U3A Writing: When The Lights Went Out
Ilse Erber recalls an Australian miners' strike in 1949 - and the effect it had on 90 students at Sydney Girls' High School.
The year 1949 was notable for two main events. It was the year when 23,000 miners in open cut mines in New South Wales, Queensland, South Australia and Victoria went on strike. It was also the year when 90 students at Sydney Girls’ High School were studying hard for their Leaving Certificate examination.
The main effect of the miners’ strike in NSW was that there were many electricity blackouts which mostly affected industry. The effects on the domestic user were less serious as fewer electrical appliances were found in the home in 1949 than today.
Domestic refrigerators were uncommon, and those that existed were often powered by gas or even kerosene. Some households still depended on ice chests to keep their food cold.
Cooking was mostly done on a gas stove. Only very few homes could boast a modern electric range. Washing machines were almost unknown except for commercial use.
Other electrical appliances in common use today, such as coffee makers, electric mixers and electric bread makers, were only to be found in the imagination of some avant-garde designers.
But home lighting was always powered by electricity, as the use of gas lighting had been discontinued long ago.
It was winter when the coal miners’ strike began, so when the 90 Leaving Certificate students returned home from school, ready to begin their afternoon study sessions, the last of the daylight was already beginning to fade, and lights had to be switched on. But this was the time when the blackouts usually began.
I well remember the candles which sat on my desk, ready to be lit as soon as the lights went out. Candlelight can be so romantic when you are cuddled up with your boyfriend listening to suitable mood music, but when the flickering flames cast moving shadows on textbooks, making it difficult to distinguish individual letters or numbers (is that an 8 or a 3?), then study becomes a difficult and more than usually unpleasant task.
But trial exams were fast approaching, and we all battled bravely on as if our lives depended on it. And that was exactly what our teachers wanted us to believe. Sydney Girls’ High was a selective high school with an enviable record of excellent Leaving Certificate results over a period of many years, and it was our duty to uphold that record.
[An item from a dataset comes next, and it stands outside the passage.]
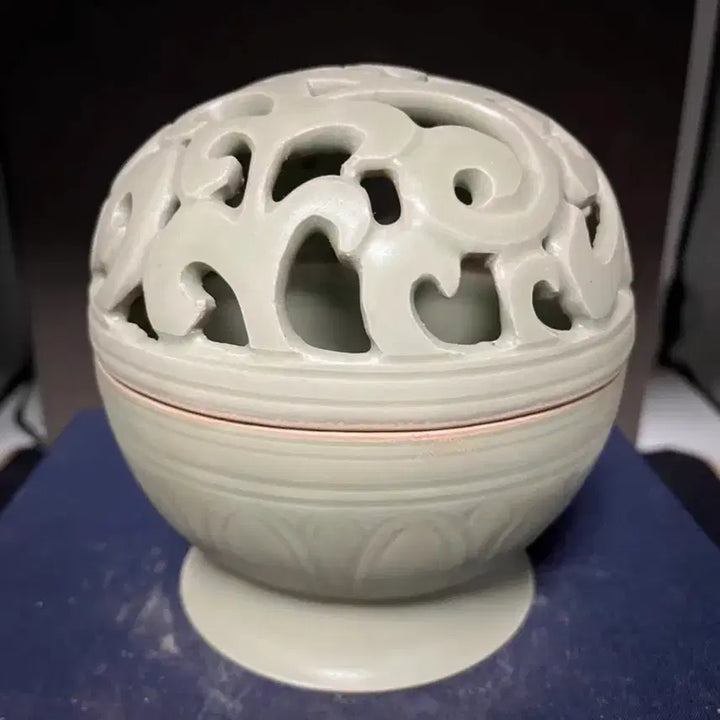 [BUNJANG] Northern Song Dynasty Celadon Incense Burner / 진품 북송시대 월요향로(운송시간13일)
On the cold winter evenings when the electric radiators on which many families depended for heating could not be used, the warmest place was bed. But even in bed the studying continue, by candlelight of course. It is a never-ending source or wonder to me that none of my fellow students was ever incinerated. There were many times when I would gladly have set fire to the Latin text we were studying, Cicero’s De Senectute, Of Old Age, a most suitable text for 17-year-olds to study, wouldn’t you agree?
But even strikes cannot last forever. Some two months after large parts of the country had first been thrown into turmoil, the government’s patience ran out. Ben Chiefley, the Labor Prime Minister of the day, called out troops, who with machine guns, bayonets and rifles entered the coal fields.
The strike was broken within two weeks, but such action by a Labor government came as a shock to the coal miners who had believed Labor to be a party of the working class.
However, we students cared not one jot about how the strike had been broken and the ethics of it all. We were just grateful that we could once again study by good light and that our red-rimmed eyes would be restored to their normal beauty in time for the school ball.